You could decide to modify the project and give everyone fill-in-the-blanks worksheets on their animal so they don’t have to write so much. This would help, but it would lower the level of writing practice and diminish the experience of real writing.
You could do a week of editing. Since second graders don’t yet see all their own writing mistakes or those of others, this means a lot of work on the teacher’s end. Do you have a couple of hours to spare? OK, great! But just keep in mind that even when students fix mistakes, it doesn’t mean they have learned strategies and rules for preventing them.
Or, maybe you just decide to let let all the mistakes go because, after all, they are only second graders. I know that none of my readers would choose this option, because you always have a high standard for success!
Well, how about preventing this whole problem?
How? By frontloading all the skills you know will be needed. Work on sentence writing skills and punctuation skills for a few months and get your class excited with the knowledge that they are building up to some big writing projects. When sentences have been mastered, do lots of practice with writing good paragraphs and adding details. Practice things like neat handwriting, writing to the end of the line before starting a new line, and spacing.
Each grade level has skills that should be frontloaded during the first half of the year. If you are teaching kindergarten, handwriting and basic drawing should be priorities before doing other writing projects. For first grade, handwriting, sound spelling, spacing, and some writing stamina should be firmly in place before giving important assignments.

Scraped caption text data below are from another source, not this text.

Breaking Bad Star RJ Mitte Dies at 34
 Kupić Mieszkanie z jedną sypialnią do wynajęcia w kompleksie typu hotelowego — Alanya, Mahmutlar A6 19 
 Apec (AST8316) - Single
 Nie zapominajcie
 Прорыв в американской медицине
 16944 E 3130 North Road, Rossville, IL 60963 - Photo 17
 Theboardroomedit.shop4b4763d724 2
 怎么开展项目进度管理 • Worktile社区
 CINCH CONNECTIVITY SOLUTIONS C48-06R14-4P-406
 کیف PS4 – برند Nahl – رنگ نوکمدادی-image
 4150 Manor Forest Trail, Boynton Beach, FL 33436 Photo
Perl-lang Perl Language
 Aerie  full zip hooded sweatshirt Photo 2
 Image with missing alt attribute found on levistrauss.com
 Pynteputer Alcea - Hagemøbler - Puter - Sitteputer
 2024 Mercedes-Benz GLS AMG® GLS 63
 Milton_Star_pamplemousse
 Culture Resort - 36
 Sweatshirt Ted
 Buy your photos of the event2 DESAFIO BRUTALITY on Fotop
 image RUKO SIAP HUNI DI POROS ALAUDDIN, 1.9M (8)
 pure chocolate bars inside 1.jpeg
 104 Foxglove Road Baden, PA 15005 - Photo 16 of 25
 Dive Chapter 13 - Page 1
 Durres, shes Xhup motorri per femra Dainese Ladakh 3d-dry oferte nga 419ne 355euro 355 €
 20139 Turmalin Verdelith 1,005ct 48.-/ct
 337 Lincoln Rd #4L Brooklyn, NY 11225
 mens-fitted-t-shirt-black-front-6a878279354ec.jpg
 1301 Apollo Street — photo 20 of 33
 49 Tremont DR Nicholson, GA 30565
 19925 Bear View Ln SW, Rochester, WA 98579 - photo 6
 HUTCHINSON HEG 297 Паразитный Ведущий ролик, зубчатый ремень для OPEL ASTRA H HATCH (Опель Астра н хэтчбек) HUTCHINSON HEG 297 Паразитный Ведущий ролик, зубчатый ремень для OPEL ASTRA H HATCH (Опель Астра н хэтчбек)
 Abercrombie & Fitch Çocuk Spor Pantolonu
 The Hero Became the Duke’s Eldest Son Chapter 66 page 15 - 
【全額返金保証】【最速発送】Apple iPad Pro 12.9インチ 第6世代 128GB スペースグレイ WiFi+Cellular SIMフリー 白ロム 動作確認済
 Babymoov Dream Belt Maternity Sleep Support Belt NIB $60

For those of you using Growing Writers, this means focus on Growing Writers for the first half of the year! Spend all the writing time you have on it, 3-5 days a week. First graders should ideally be finishing Book 4 by the end of January, because these are the basic writing skills that will enable them to do class writing projects in reading, science, and social studies. These four books cover all the letters for handwriting. If you are still on Book 4 in March or April, it means that handwriting is still being introduced very late in the year.
For second grade, Book 1, the Lists activity, and Book 2 should ideally be completed by mid-January. This work, done thoroughly, will set the tone and the standard for all the writing done for the rest of the year.
Kindergartners should ideally be done with Books 1 and 2 by Winter Break, giving them a good start on fine motor control and handwriting.
Here’s an example.
When I taught first grade, I finished Book 4 by the end of January. We always took a field trip to the local Children’s Museum in early February. On our return that day, I would give students a piece of paper with lines (we called it hat-belt-foot lines) and simply say “Write words about what you liked about the Hands-On Museum.” Up until this time they had only written in their Growing Writers workbooks, where pictures were always allowed after a few lines of writing. This was a whole blank page! At first I would get some looks like, “Are you kidding me???” And then, magic. Every student, even the lowest performers, wrote about the field trip with perfect handwriting, spacing, and fairly understandable sound spelling. I didn’t expect punctuation because I hadn’t taught that skill, but every skill I had taught was there. What a proud bunch of kids I had as they handed in their work. If we had chosen to edit and do a final draft, the editing would have been on spelling and punctuation – fairly easy for the amount they wrote. You can see some examples of these on this website under Results.
If you started late in the year, or haven’t prioritized teaching basic writing skills, resolve to start earlier next year and prioritize skills over projects. You will be amazed at how easy every other writing assignment becomes later on.
Frontload skills, frontload skills, frontload skills.
You will have a more successful classroom. Guaranteed.